■ What you are asked to do
Write out the following listing's lines from the one with "Medium Ground-Finch - ML642301056" to the one with "Killer Whale under water", exactly, with both included and no others.

■ Data records
────────────────────────────────────────

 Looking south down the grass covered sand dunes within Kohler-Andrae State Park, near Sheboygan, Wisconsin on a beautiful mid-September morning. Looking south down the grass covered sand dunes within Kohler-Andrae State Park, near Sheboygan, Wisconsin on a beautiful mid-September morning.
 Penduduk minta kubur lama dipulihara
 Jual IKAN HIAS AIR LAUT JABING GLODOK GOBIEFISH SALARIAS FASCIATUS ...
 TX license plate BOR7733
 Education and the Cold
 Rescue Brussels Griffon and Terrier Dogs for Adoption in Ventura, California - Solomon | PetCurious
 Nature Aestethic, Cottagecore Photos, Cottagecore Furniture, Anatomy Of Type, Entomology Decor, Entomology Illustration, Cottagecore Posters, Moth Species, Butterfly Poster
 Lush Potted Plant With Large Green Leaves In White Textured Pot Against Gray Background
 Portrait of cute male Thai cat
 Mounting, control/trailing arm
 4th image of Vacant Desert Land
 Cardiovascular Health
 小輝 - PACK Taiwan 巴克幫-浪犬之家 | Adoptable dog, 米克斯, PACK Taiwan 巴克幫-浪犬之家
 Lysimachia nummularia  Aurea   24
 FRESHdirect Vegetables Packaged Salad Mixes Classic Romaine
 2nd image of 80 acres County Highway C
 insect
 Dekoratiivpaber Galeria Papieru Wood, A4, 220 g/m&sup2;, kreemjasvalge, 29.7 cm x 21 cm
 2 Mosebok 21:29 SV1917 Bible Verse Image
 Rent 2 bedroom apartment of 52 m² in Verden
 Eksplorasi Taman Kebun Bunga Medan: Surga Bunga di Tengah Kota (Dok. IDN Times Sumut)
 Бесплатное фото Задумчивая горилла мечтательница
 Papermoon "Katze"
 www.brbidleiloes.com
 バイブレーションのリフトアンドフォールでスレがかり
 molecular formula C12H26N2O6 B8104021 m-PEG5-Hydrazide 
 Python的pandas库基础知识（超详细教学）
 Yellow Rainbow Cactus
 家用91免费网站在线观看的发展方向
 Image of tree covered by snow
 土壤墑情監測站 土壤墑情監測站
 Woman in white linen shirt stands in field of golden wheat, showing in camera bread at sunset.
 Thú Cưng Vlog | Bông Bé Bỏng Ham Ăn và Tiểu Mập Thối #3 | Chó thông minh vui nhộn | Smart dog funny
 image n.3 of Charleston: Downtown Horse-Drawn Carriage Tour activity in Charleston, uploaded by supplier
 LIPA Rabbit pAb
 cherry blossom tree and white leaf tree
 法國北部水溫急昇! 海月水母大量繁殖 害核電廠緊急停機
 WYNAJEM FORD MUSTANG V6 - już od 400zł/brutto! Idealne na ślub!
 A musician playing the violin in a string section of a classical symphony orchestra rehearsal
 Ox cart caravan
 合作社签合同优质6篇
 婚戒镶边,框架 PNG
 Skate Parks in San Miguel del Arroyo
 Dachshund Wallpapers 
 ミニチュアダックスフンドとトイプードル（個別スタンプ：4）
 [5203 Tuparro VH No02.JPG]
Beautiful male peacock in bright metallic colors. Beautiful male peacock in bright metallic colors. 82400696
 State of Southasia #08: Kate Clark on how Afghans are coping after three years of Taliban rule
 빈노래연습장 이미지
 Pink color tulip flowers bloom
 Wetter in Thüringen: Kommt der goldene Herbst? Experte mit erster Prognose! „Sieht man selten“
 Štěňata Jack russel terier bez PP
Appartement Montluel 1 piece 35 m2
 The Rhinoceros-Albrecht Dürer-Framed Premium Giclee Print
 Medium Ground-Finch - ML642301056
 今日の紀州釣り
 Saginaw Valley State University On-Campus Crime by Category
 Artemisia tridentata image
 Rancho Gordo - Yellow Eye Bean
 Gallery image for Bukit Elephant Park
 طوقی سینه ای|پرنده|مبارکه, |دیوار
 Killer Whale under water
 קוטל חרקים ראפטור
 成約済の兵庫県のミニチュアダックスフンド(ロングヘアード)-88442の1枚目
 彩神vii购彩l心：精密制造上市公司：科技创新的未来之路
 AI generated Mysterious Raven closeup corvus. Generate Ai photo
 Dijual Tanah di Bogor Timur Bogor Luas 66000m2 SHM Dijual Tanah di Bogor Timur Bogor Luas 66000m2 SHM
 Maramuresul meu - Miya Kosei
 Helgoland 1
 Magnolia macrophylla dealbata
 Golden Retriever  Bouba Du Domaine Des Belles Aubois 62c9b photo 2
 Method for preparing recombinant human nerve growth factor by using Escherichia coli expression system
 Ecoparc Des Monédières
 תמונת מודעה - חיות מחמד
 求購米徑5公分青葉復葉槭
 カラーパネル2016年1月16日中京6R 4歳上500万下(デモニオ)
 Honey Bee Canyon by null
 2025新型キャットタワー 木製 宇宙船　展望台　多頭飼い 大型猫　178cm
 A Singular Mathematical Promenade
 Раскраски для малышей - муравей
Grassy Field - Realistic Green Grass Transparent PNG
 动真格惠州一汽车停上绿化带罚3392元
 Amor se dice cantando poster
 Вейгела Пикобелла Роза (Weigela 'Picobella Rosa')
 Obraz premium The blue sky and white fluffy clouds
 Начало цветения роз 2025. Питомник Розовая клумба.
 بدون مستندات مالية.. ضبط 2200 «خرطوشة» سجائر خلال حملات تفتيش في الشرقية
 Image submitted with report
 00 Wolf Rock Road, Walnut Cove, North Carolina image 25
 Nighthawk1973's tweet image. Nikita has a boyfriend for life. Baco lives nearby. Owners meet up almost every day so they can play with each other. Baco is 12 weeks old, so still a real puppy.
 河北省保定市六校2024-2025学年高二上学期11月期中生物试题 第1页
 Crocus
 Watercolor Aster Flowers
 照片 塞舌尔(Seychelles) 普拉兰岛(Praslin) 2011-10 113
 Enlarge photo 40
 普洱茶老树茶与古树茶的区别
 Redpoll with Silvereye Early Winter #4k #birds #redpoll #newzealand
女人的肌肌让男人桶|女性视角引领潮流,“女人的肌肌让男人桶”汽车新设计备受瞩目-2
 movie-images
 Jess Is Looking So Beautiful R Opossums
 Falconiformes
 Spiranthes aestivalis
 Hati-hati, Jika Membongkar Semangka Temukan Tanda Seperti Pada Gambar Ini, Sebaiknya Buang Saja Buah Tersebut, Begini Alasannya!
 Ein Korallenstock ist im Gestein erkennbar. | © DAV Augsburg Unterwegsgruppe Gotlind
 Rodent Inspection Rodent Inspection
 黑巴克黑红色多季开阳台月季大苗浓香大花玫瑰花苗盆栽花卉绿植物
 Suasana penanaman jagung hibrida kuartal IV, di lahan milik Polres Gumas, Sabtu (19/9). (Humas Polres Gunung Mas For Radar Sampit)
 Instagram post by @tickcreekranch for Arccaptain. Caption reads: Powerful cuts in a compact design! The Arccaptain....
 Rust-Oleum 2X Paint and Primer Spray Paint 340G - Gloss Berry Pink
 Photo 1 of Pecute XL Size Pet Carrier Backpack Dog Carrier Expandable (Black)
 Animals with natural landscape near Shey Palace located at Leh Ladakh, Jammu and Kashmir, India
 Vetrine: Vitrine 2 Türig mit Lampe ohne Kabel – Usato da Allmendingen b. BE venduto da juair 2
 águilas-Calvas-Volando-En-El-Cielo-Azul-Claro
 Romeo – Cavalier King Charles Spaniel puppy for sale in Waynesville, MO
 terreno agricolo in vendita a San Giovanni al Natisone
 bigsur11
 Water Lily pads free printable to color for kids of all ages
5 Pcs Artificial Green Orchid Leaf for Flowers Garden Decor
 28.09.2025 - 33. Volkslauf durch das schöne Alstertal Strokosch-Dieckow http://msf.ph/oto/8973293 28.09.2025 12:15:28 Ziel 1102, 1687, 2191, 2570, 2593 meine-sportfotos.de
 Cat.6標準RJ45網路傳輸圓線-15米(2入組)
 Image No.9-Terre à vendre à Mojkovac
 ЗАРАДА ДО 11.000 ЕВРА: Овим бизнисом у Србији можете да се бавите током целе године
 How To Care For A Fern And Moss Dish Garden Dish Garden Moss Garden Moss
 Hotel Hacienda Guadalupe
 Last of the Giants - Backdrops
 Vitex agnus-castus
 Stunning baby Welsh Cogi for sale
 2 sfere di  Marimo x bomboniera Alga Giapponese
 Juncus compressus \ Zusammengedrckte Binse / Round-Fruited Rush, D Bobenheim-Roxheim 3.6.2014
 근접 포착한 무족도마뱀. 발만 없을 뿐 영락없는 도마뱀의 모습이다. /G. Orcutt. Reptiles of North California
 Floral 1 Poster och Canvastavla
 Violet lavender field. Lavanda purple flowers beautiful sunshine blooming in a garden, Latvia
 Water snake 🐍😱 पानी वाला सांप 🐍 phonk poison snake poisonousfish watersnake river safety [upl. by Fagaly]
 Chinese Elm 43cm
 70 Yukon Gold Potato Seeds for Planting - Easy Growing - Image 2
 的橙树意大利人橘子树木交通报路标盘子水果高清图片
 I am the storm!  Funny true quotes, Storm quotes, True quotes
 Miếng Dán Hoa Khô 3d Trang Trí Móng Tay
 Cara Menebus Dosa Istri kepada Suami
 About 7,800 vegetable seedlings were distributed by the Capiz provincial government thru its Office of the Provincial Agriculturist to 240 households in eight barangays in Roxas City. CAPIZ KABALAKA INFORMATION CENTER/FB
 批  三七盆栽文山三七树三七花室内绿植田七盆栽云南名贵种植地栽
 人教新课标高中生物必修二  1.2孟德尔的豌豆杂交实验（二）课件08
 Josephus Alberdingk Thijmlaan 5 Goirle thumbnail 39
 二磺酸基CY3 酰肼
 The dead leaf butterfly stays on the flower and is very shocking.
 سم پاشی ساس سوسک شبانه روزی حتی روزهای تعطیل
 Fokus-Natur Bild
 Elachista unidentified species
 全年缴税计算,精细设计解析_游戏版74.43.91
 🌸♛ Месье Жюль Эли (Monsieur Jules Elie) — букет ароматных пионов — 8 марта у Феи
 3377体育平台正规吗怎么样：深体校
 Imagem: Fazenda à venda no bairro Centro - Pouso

────────────────────────────────────────

■ Solution for this exercise
 Medium Ground-Finch - ML642301056
 今日の紀州釣り
 Saginaw Valley State University On-Campus Crime by Category
 Artemisia tridentata image
 Rancho Gordo - Yellow Eye Bean
 Gallery image for Bukit Elephant Park
 طوقی سینه ای|پرنده|مبارکه, |دیوار
 Killer Whale under water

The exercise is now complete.